WORK ORDER: Without copying the images, write out all the entries below verbatim.

DATA SUPPLIED:

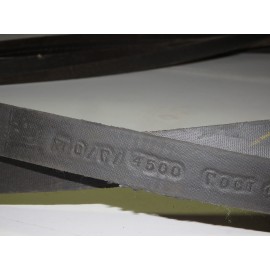D32-4500 diržas Ja.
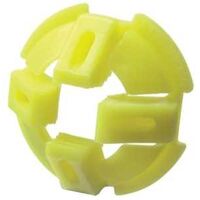Hit Lock Conduit Cable Connectors, 3/4in.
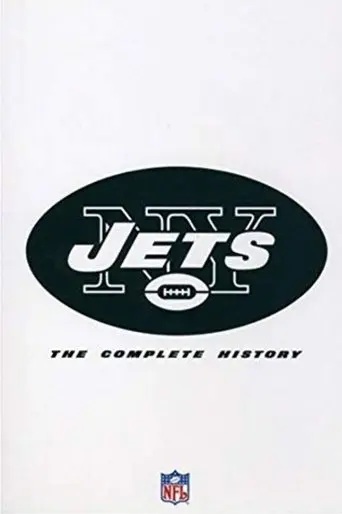The Complete History Of The New York Jets (2007)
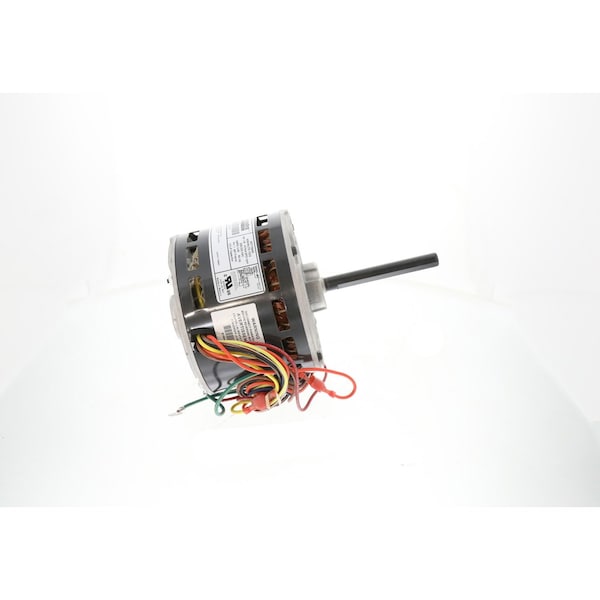 MOT19449 Trane Draft Inducer Motor, genuine OEM replacement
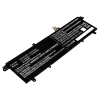 Asus C31POJH / C31N1821 accu (11.55 V, 4150 mAh, 123accu huismerk) AAS00775 - 1
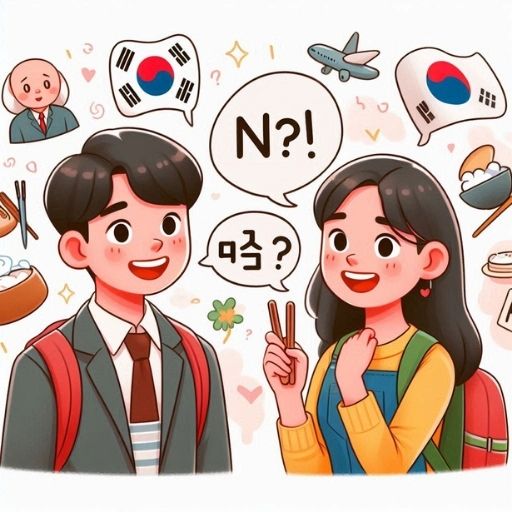 Đuôi Câu N + 이에요/예요? (Có phải là N không? - Lịch Sự) Tiếng Hàn Sơ Cấp 1 Đuôi câu N 이에요 예요 hỏi tiếng Hàn trong giao tiếp hàng ngày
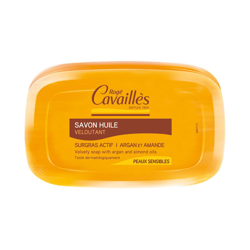 Rogé Cavaillès Savon Huile Veloutant en oferta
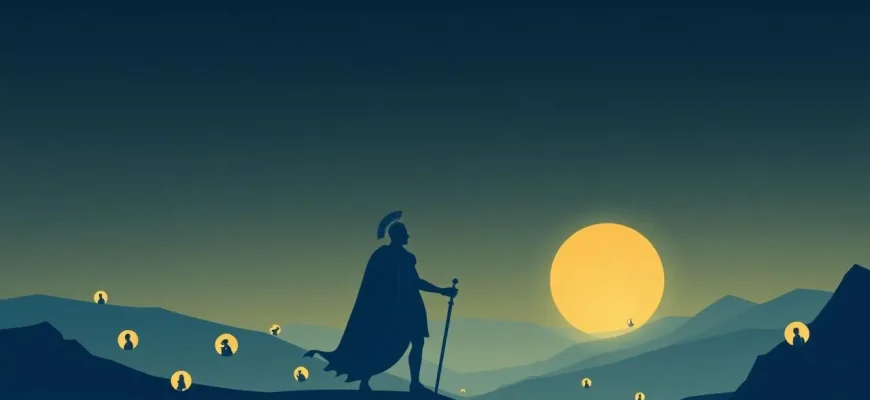 10 Najlepszych Filmów o Aleksandrze Macedońskim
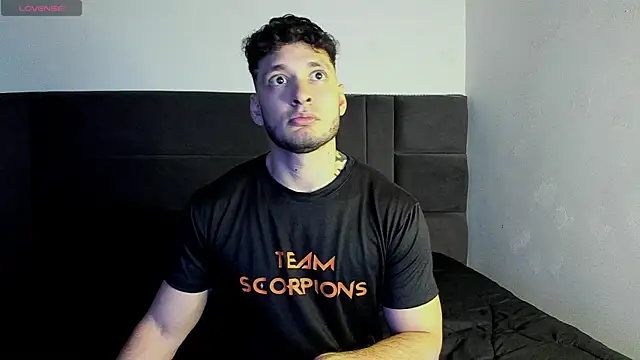 alejandro  2 online show from November 7, 7:36 pm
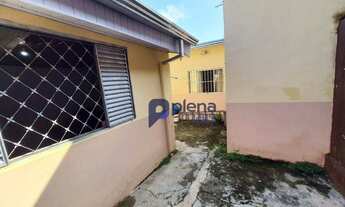 Imagem 5: Casa com 3 dormitórios, 200 m² - venda por R$ 310.000 ou aluguel por R$ 1.800/mês - Jardim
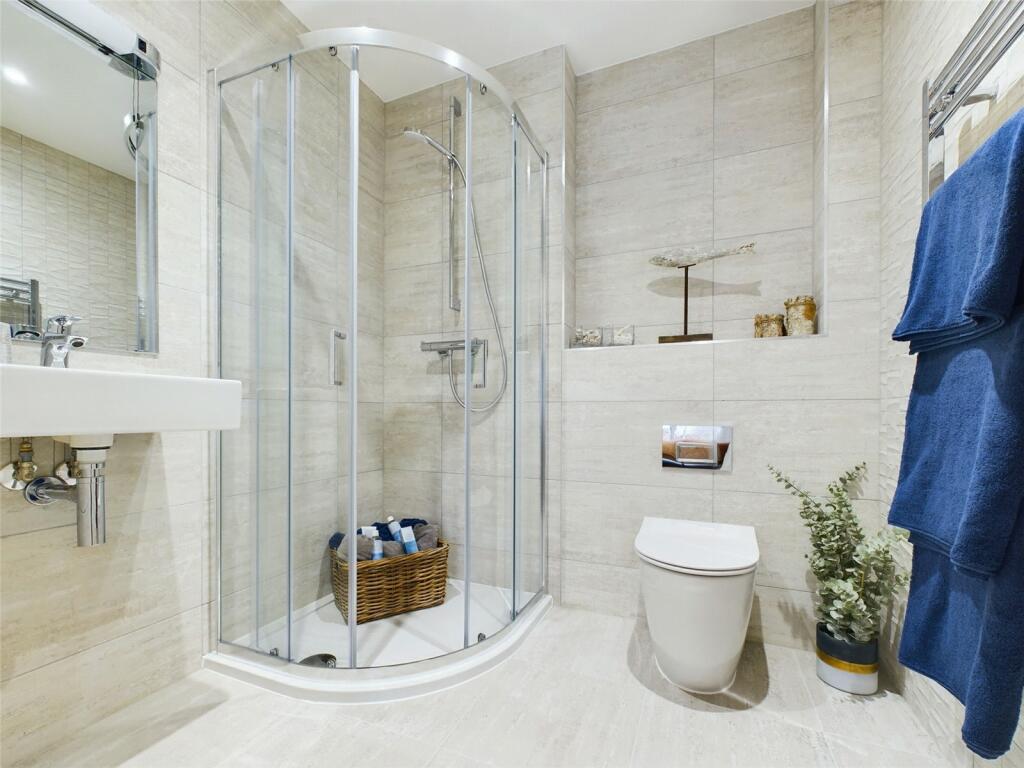 Additional property image - Wortley Road, Highcliffe, Christchurch, Dorset, BH23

RESPONSE TO THIS EXERCISE:
D32-4500 diržas Ja.
Hit Lock Conduit Cable Connectors, 3/4in.
The Complete History Of The New York Jets (2007)
 MOT19449 Trane Draft Inducer Motor, genuine OEM replacement
 Asus C31POJH / C31N1821 accu (11.55 V, 4150 mAh, 123accu huismerk) AAS00775 - 1
 Đuôi Câu N + 이에요/예요? (Có phải là N không? - Lịch Sự) Tiếng Hàn Sơ Cấp 1 Đuôi câu N 이에요 예요 hỏi tiếng Hàn trong giao tiếp hàng ngày
 Rogé Cavaillès Savon Huile Veloutant en oferta
 10 Najlepszych Filmów o Aleksandrze Macedońskim
 alejandro  2 online show from November 7, 7:36 pm
 Imagem 5: Casa com 3 dormitórios, 200 m² - venda por R$ 310.000 ou aluguel por R$ 1.800/mês - Jardim
 Additional property image - Wortley Road, Highcliffe, Christchurch, Dorset, BH23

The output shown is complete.